Chariho School Parents’ Forum

January 29, 2007

Chariho admin makes the case for K-6 – so why don’t we do it?

Filed under: Chariho,Elementary Schools,grade spans,Middle & High School — Editor @ 8:01 pm

In the previous school board meeting, Assistant Superintendent Thornton presented some information regarding the benefits of a K-6 or K-8 education models. I have received a lot of email and phone calls because I did not properly identify what his reports showed.  I made the comment that they “supported my findings” but neglected to highlight them.  Most of the people who contacted me said the school’s presentation put more emphasis on a “lack of research” but as I have posted before, there are literally hundreds of studies on the subject.   

Below are the reports the administration presented and some key quotes. 

Accountability Works: Analysis of Performance by Grade Span of School.“… in all subject areas the performance of sixth-grade students at the (K-6) schools was better than the performance of sixth-grade students from (K-5) schools.”

 One of the interesting points made in this report is that the lack of teacher “incentives” could be blamed for the poor performance because teachers were not responsible for the students.  It is interesting that “incentives” would be used as an excuse for poor performance but merit pay is taboo. 
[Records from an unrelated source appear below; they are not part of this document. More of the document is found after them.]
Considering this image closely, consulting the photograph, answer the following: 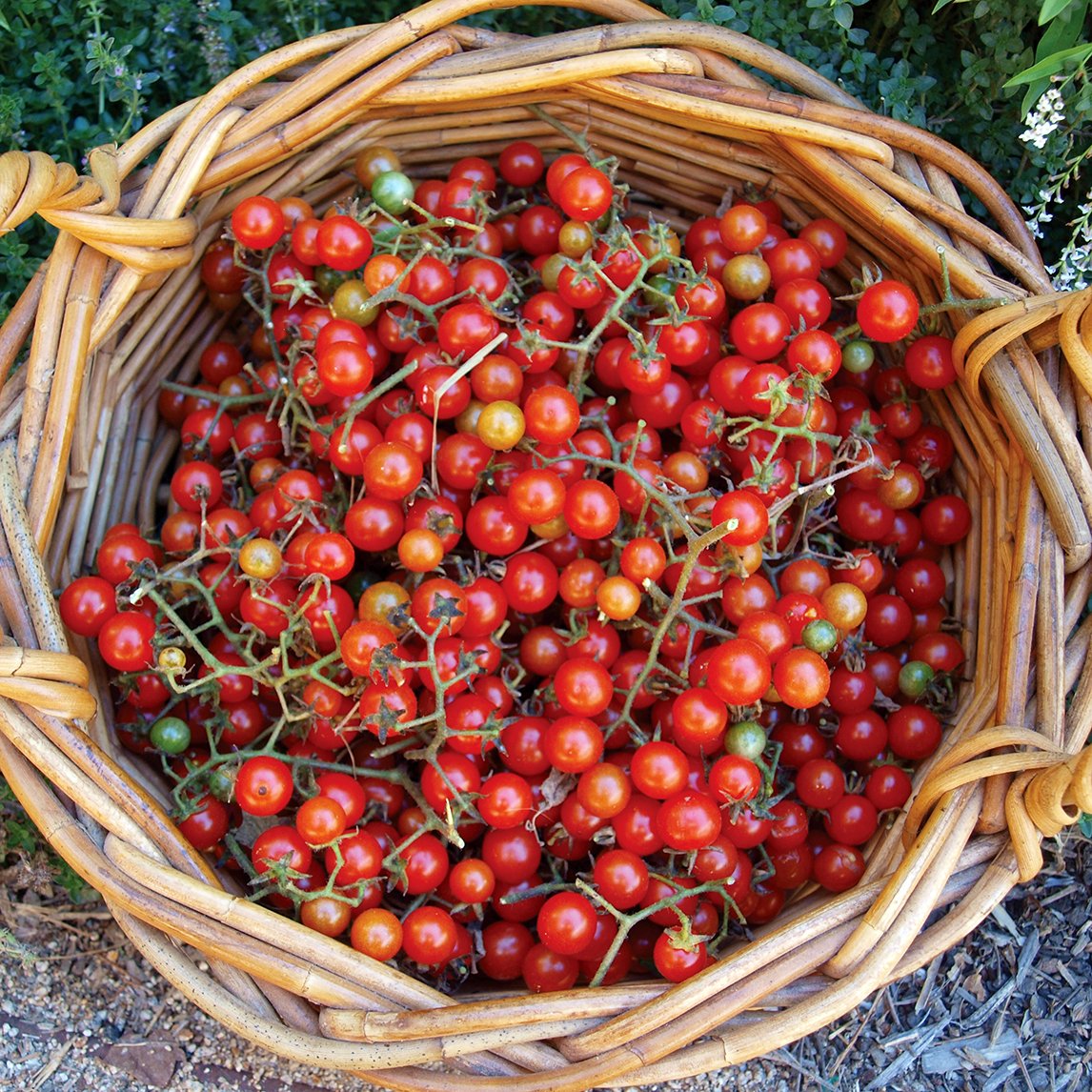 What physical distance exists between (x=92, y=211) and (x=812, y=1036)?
60.1 inches

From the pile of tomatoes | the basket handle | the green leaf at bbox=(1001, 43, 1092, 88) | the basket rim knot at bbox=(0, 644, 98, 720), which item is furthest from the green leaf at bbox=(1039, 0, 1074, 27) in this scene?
the basket rim knot at bbox=(0, 644, 98, 720)

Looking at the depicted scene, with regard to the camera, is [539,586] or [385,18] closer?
[539,586]

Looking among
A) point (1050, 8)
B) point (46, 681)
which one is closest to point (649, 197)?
point (1050, 8)

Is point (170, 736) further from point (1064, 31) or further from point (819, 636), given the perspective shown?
point (1064, 31)

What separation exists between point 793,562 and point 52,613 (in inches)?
38.3

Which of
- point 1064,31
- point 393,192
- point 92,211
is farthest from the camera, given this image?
point 393,192

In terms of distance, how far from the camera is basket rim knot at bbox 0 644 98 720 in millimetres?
1300

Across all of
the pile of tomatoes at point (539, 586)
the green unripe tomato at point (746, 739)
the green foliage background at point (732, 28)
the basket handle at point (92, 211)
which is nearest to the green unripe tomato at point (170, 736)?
the pile of tomatoes at point (539, 586)

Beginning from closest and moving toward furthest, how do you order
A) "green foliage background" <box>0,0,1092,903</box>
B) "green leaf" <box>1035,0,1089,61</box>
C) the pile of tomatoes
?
the pile of tomatoes, "green leaf" <box>1035,0,1089,61</box>, "green foliage background" <box>0,0,1092,903</box>

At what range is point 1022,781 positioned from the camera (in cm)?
134

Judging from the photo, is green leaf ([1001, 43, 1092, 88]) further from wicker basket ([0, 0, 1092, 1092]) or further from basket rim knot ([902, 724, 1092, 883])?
basket rim knot ([902, 724, 1092, 883])

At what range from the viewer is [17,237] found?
1834 millimetres

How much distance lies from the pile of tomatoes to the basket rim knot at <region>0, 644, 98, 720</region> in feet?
0.36

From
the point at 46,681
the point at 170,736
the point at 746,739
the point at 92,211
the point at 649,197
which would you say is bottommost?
the point at 170,736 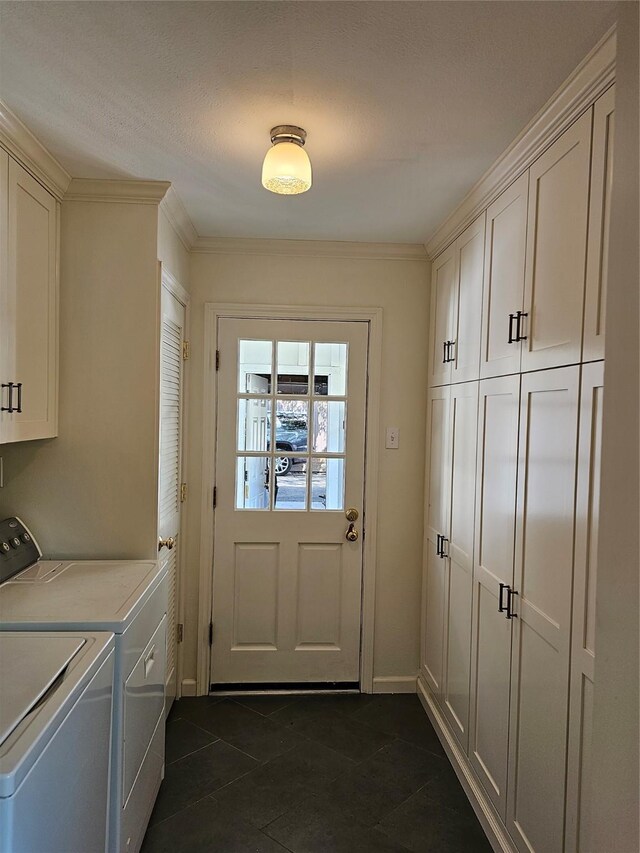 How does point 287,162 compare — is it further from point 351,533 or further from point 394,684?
point 394,684

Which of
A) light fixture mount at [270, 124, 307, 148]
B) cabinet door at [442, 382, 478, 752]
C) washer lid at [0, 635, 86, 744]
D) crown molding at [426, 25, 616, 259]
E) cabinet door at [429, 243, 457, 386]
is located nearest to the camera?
washer lid at [0, 635, 86, 744]

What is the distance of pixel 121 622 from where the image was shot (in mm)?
1513

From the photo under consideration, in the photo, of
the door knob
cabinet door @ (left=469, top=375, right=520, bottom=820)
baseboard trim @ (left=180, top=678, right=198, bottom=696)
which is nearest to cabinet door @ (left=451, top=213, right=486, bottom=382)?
cabinet door @ (left=469, top=375, right=520, bottom=820)

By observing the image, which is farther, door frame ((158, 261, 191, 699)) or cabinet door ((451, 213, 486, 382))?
door frame ((158, 261, 191, 699))

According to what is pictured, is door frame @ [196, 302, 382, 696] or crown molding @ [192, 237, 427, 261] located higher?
crown molding @ [192, 237, 427, 261]

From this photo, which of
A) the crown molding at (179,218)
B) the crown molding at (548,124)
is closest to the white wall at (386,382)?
the crown molding at (179,218)

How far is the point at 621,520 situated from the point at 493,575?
1189mm

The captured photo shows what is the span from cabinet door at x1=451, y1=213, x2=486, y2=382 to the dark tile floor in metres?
1.68

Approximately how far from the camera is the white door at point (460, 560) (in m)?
2.12

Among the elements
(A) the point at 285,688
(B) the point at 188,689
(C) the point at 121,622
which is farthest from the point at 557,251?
(B) the point at 188,689

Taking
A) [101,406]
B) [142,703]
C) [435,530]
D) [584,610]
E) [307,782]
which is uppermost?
[101,406]

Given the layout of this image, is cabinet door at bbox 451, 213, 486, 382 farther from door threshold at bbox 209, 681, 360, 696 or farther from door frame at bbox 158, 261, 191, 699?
door threshold at bbox 209, 681, 360, 696

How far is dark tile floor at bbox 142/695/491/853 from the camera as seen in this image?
1855 millimetres

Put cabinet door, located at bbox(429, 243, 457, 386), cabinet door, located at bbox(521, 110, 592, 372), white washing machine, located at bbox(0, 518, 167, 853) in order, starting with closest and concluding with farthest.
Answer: cabinet door, located at bbox(521, 110, 592, 372)
white washing machine, located at bbox(0, 518, 167, 853)
cabinet door, located at bbox(429, 243, 457, 386)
The Elemiddle School: A Model for Middle Grades Reform.“…schools containing both elementary and middle-school grades may be most appropriate for meeting the educational and social needs of young adolescents.” 

Grade Span and Eight-Grade Academic Achievement: Evidence from a Predominantly Rural State. (pdf download)“..the researchers concluded that eighth-graders learning in elementary settings (K-8, K-9, and 3-8) outperform eighth-graders in schools with other grade configurations.”   “Eighth-graders attending school in junior/senior school environments (grades 6-12, 7-12, and 8-12) perform less well than eighth-graders in other grade configurations.”

 There were a few other reports supporting the common sense knowledge that frequent transitions are bad for student performance but overall, the information presented supports the information posted previously.   

This begs the question – if previous surveys show that the vast majority of parents want their 5th and 6th graders back in the elementary level, and the research suggests that they are better served in that environment, then why are we not doing something about it?  


Cost increases because they help students, or simply due to contract obligations.

Filed under: Budget,Chariho,National,State-wide,Student Performance — Editor @ 7:40 pm

Does this spending help students?  This was the title of a ProJo OpEd written by Marguerita Roza.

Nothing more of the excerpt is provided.